● The task
Take the lines from the one with "Yalu Underpants Men's" to the end of the listing, both ends included, and quote them exactly, leaving pictures out.

*** Listed entries Section Begins ***

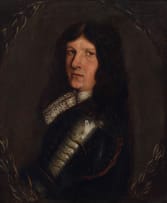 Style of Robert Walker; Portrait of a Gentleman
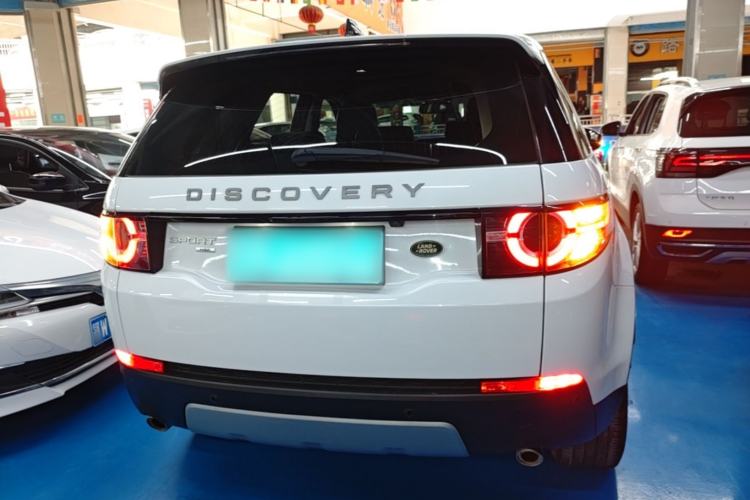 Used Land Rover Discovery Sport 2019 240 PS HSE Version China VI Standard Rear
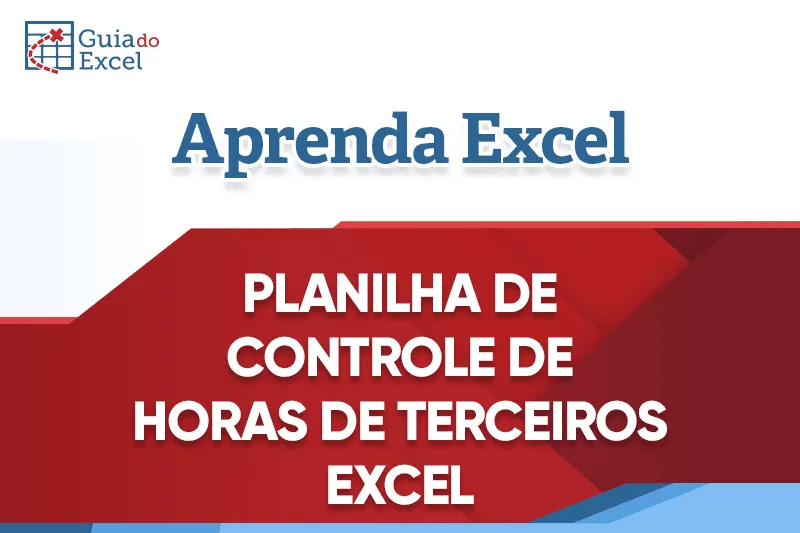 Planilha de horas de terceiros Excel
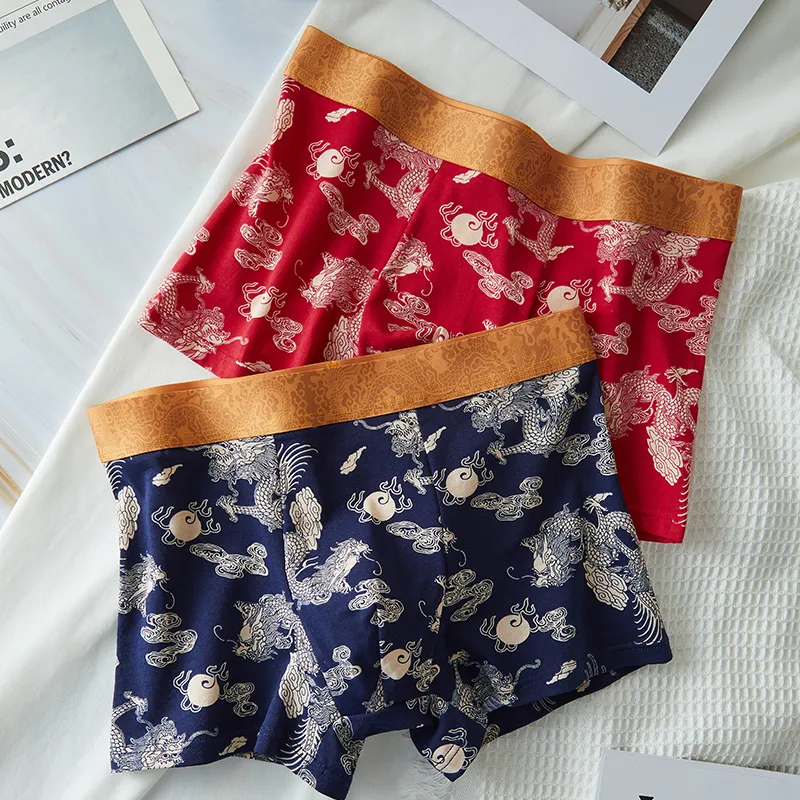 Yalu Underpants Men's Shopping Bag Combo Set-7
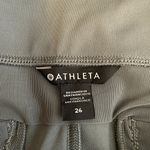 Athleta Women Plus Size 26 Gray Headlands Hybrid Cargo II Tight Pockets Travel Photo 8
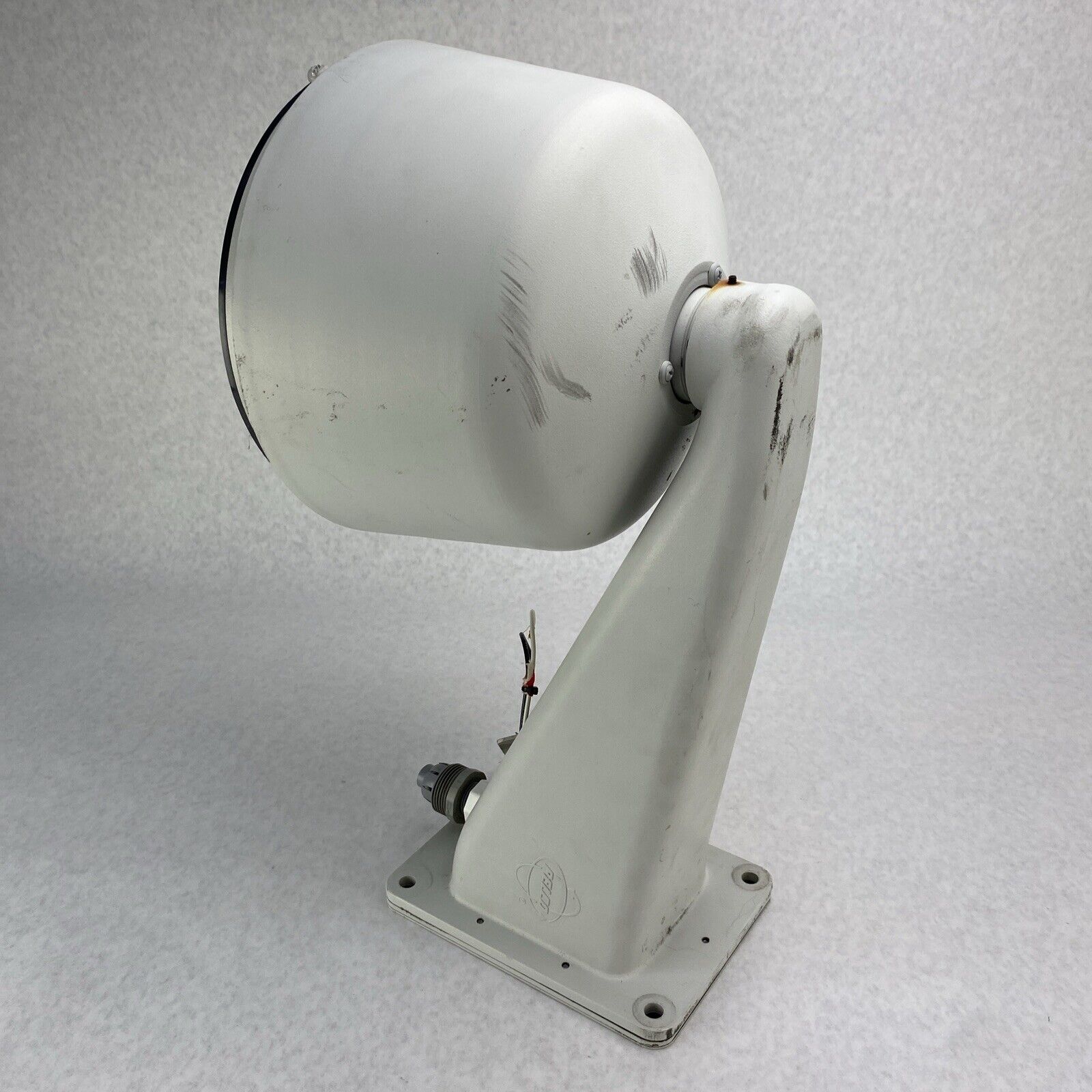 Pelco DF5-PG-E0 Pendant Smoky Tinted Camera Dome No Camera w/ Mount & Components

*** Listed entries Section Ends ***

● Output of the task
 Yalu Underpants Men's Shopping Bag Combo Set-7
 Athleta Women Plus Size 26 Gray Headlands Hybrid Cargo II Tight Pockets Travel Photo 8
 Pelco DF5-PG-E0 Pendant Smoky Tinted Camera Dome No Camera w/ Mount & Components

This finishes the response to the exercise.